Шеллинг ценит покой. Но ищет бури. И он снова устремляется в полемику. Тем более что Фихте задел его первым. После книги «О сущности ученого» выходят еще две подряд: «Черты современной эпохи» и «Наставление к блаженной жизни», приковавшие внимание Шеллинга. Фихте явно подправил свое «наукоучение», все чаще вспоминает об абсолюте, о религии, все меньше говорит о Я, но по-прежнему не желает признавать примата природы, считает ее призраком, отблеском знания.

Три последние книги Фихте, говорил Шеллинг, это ад, чистилище, рай, как в «Божественной комедии» Данте, с той только разницей, что Фихте не ведает подлинного божества и рая. Он как дьявол-искуситель сулит сокровища, а одарить может только раскаленными углями. А какого рода наставлениями может он снабдить? Только полицейскими.

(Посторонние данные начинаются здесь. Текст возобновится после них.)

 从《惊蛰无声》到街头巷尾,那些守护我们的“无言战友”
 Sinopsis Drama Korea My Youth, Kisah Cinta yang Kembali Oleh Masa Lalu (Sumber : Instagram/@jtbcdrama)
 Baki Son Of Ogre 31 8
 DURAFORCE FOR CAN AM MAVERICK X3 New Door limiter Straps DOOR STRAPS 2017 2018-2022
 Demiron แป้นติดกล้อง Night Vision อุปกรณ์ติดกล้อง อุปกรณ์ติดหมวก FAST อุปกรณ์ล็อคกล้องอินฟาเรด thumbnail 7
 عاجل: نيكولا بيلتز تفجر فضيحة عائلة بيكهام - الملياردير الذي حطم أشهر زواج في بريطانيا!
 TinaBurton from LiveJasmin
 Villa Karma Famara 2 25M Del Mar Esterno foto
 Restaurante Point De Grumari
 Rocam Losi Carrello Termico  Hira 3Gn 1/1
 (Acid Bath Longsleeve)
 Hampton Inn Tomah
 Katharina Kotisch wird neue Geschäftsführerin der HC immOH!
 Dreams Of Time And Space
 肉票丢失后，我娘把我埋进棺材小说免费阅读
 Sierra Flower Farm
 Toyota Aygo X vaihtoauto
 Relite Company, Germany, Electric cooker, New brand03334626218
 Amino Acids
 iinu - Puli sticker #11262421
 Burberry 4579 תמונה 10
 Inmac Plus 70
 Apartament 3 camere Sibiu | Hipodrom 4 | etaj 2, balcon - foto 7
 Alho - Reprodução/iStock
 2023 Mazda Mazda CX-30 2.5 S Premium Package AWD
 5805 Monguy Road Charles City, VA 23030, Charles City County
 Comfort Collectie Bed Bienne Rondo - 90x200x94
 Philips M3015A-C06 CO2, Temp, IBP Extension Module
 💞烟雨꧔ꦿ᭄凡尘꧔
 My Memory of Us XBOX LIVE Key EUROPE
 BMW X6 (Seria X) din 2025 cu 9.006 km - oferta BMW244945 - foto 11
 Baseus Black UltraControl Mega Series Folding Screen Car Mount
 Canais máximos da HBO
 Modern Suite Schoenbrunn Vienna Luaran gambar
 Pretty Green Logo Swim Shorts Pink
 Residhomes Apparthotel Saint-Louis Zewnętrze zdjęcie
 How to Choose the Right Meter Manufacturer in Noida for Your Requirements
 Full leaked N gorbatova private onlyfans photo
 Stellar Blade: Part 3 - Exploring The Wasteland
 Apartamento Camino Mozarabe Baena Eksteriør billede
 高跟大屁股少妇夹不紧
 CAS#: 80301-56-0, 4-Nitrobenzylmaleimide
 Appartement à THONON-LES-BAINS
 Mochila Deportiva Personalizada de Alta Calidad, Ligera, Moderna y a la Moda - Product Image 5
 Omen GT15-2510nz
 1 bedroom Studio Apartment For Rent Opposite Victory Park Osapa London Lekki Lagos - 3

Вроде того как в своем «Замкнутом государстве» он дедуцировал априорно устав прусской полиции вплоть до мельчайших предписаний писарям.

Свое новое полемическое произведение Шеллинг назвал «Изложение истинного отношения натурфилософии к исправленному учению Фихте». Он очень им доволен, считает его «одним из лучших своих и энергичных».

Якоби тоже доволен: пусть Фихте и Шеллинг таскают Друг друга за волосы, от этого его религиозная философия может только выиграть. «У Шеллинга царствует исключительная любовь к природе, а у меня любовь к сверхприродному», — поясняет он свою позицию.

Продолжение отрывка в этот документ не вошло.